『「大日本帝国」崩壊 東アジアの1945年』ほか

近年、「8月15日」とは日本がポツダム宣言を受諾したことを帝国臣民に公表した日付に過ぎないとしてこれを相対化する(「終戦=8月15日」という認識を問い直す)議論が見られるが、著者はそうした動向を踏まえたうえであえて「8月15日」にこだわっている。「日本が占領したアジア地域では、八月一五日を境に日本の傀儡政権は次々と消滅していった一方、脱植民地化に向けた胎動がはじまっていた」(iv頁、原文のルビを省略)からであり、「この日に拘らなければ、戦後の日本と東アジアとの関わりは見えてこないのではないか」という認識によるものである。もっともこれは、戦争の記憶の中で12月8日と8月15日を特別視する意識の見直しと両立し得る視点であろう。
ポツダム宣言受諾後の在朝鮮日本人(「内地人」)の動向に関して興味深い記述があった。朝鮮総督府が機能不全に陥ったのをうけて民間日本人(「内地人」)は「京城内地人世話会」を結成する(著者は会の名称を巡り議論があったこと、そして「日本人」ではなく「内地人」が選ばれたことに注意を促している)。

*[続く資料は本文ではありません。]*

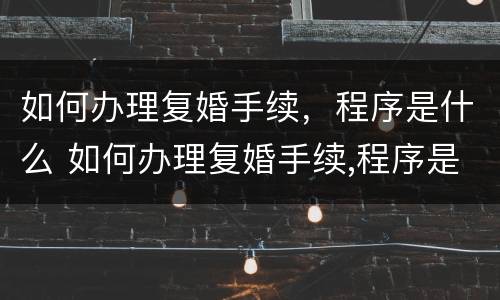 如何办理复婚手续，程序是什么 如何办理复婚手续,程序是什么呢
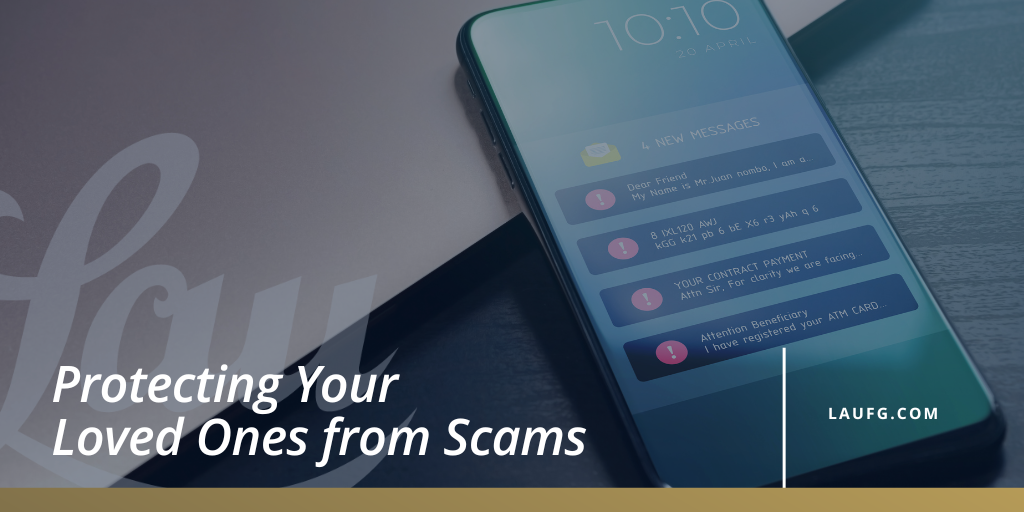 Protecting Your Loved Ones from Scams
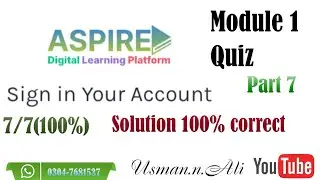 Aspire Digital Learning Platform training Module 1 Quiz|ADLP part 7 @Usman.n.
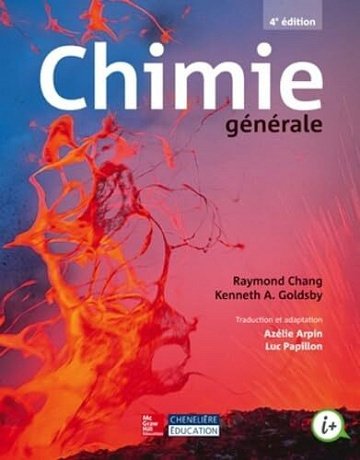 Raymond Chang, Kenneth A. Goldsby, Collectif - Chimie générale: Avec un manuel et un recueil de solutions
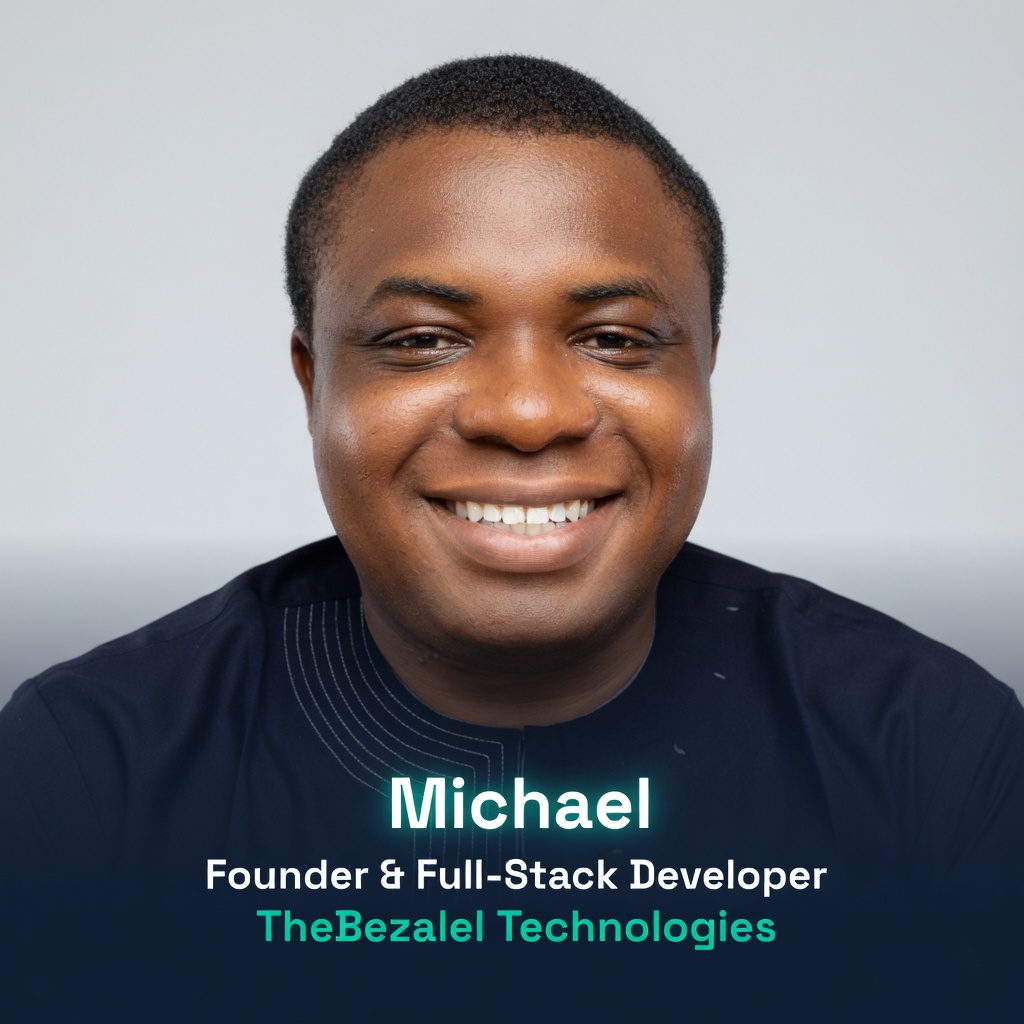 Michael - Founder & Full-Stack Developer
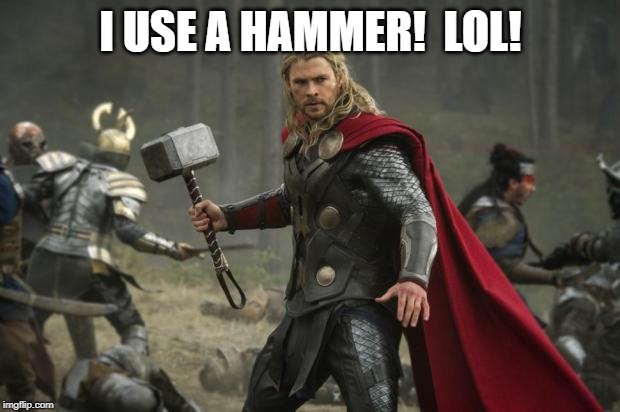 thor hammer | I USE A HAMMER!  LOL! | image tagged in thor hammer | made w/ Imgflip meme maker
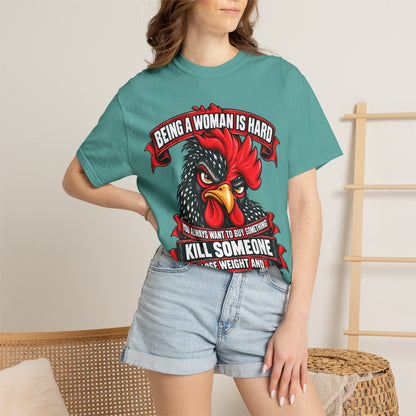 Being a Woman Is Hard Funny Comfort Colors T-Shirt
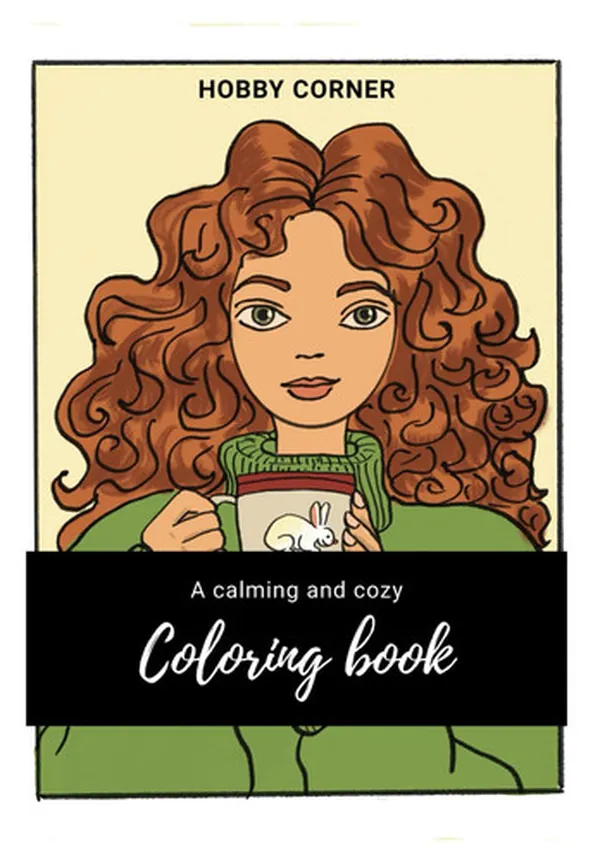 Cover of Hobby Corner: A Calming and Cozy Coloring Book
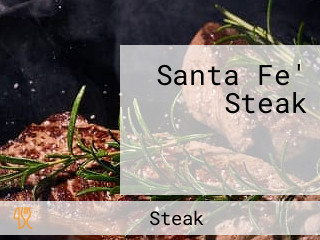 Santa Fe' Steak ซานตา เฟ่ สเต็ก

 朝鮮に居住していた日本人のなかには、韓国併合前の一八七六年の日朝修好条規によって居留民として仁川や釜山に住みはじめ、すでに第二・第三世代になっている人びとも多くいた。したがって、在朝日本人のなかでは韓国併合以前の状態、すなわち居留民に戻ればよいとだけ捉え、生活基盤も何もない日本本土へ引揚げるのではなく朝鮮に残留してこの地で骨を埋めたいという意見が根強かった。現に京城の隣に位置し、釜山と並んでもっとも古くから日本人が定住していた仁川では、残留か引揚げかで議論が真っ二つに分かれるほどであった。
(68頁、原文のルビを省略)

結局のところ大部分の日本人は帰国したわけだが、“もし第二・第三世代の少なからぬ日本人が残留を選び、韓国(ないし北朝鮮)社会でエスニック・マイノリティを形成していたら?”という想像をしてみたくなる。彼らがマイノリティとして差別されたとしたら、“日本がいやなら在日は母国に帰れ”と主張する人びとはやっぱり“差別がいやなら日本に帰ってこい”と言うのだろうか。

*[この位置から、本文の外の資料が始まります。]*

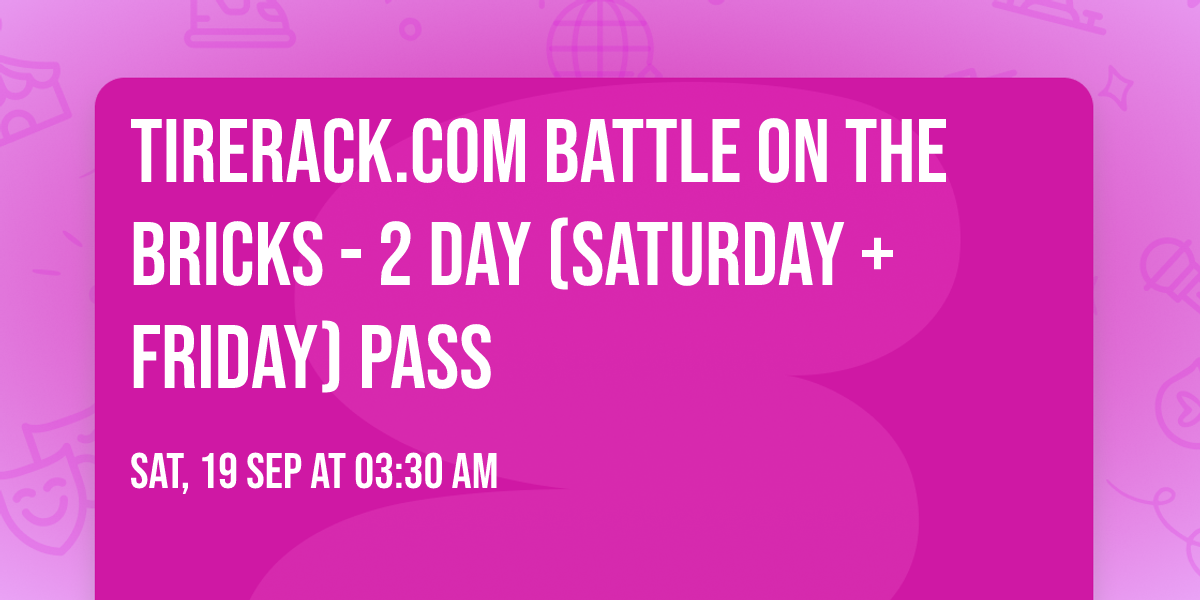TireRack.com Battle On The Bricks - 2 Day (Saturday + Friday) Pass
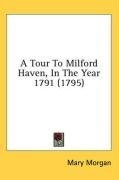 A Tour To Milford Haven, In The Year 1791 (1795)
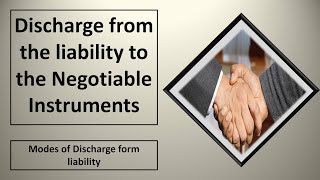 Discharge from liability to negotiable instruments  Sections 82 to 90 of the NI Act [upl. by Minetta]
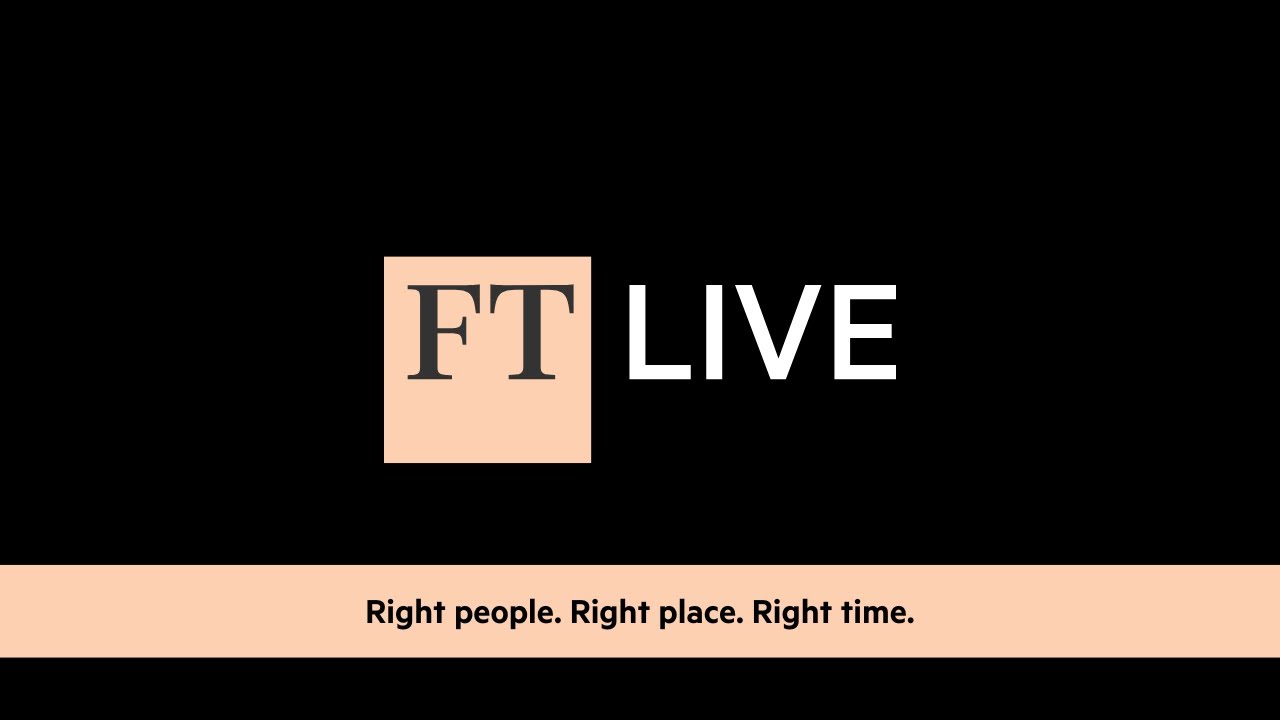 FT Live: Your Edge in a Changing World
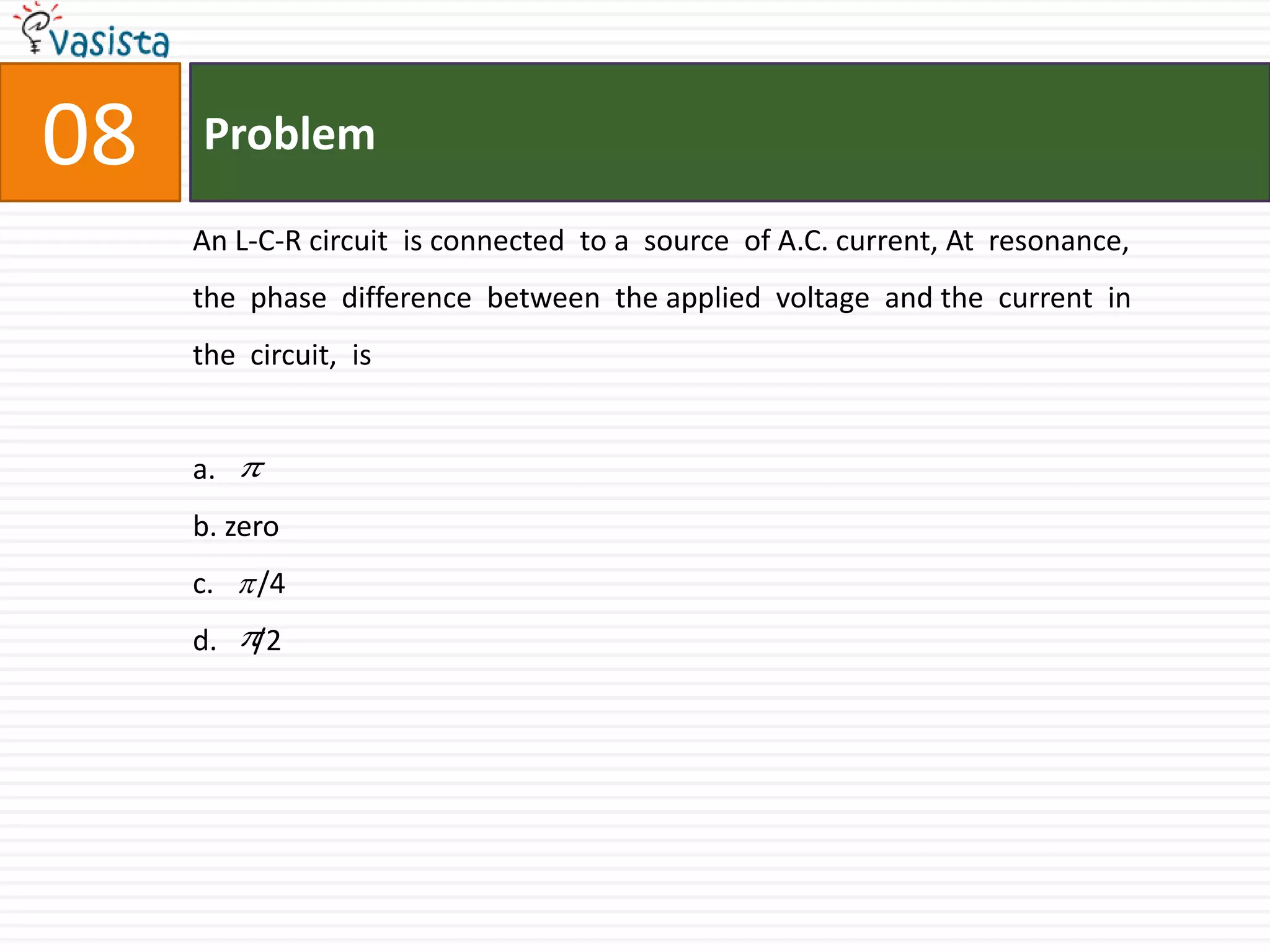 Problem08An L-C-R circuit  is connected  to a  source  of A.C. current, At  resonance, the  phase  difference  between  the applied  voltage  and the  current  in the  circuit,  is  a.b. zeroc.      /4d.     /2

  • 岡部牧夫ほか編、『中国侵略の証言者たち 「認罪」の記録を読む』、岩波新書

表題で見当がついた人も少なくないと思うが、中華人民共和国によって戦犯容疑者として拘束された旧日本軍将兵の供述調書を資料として、中国における日本軍の戦争犯罪、中国の戦犯裁判、中帰連の歩みなどを記述したもの。同じく岩波書店から『侵略の証言 中国における日本人戦犯自筆供述書』(新井利男・藤原彰編)が出版されたのはずいぶん以前のこと(1999年)なので、書店で見かけたときには「なぜこのタイミングで?」と思ったが、2005年に起訴された45名全員分の供述書が中国から提供されるなど、資料の公開状況に前進があったことをうけての研究・出版、とのこと。
“自白”については別の文脈でも関心をもっているので撫順・太原両収容所での取調べと自白についてもいつかきちんと考察してみたいと思っているのだが、さていつになることやら。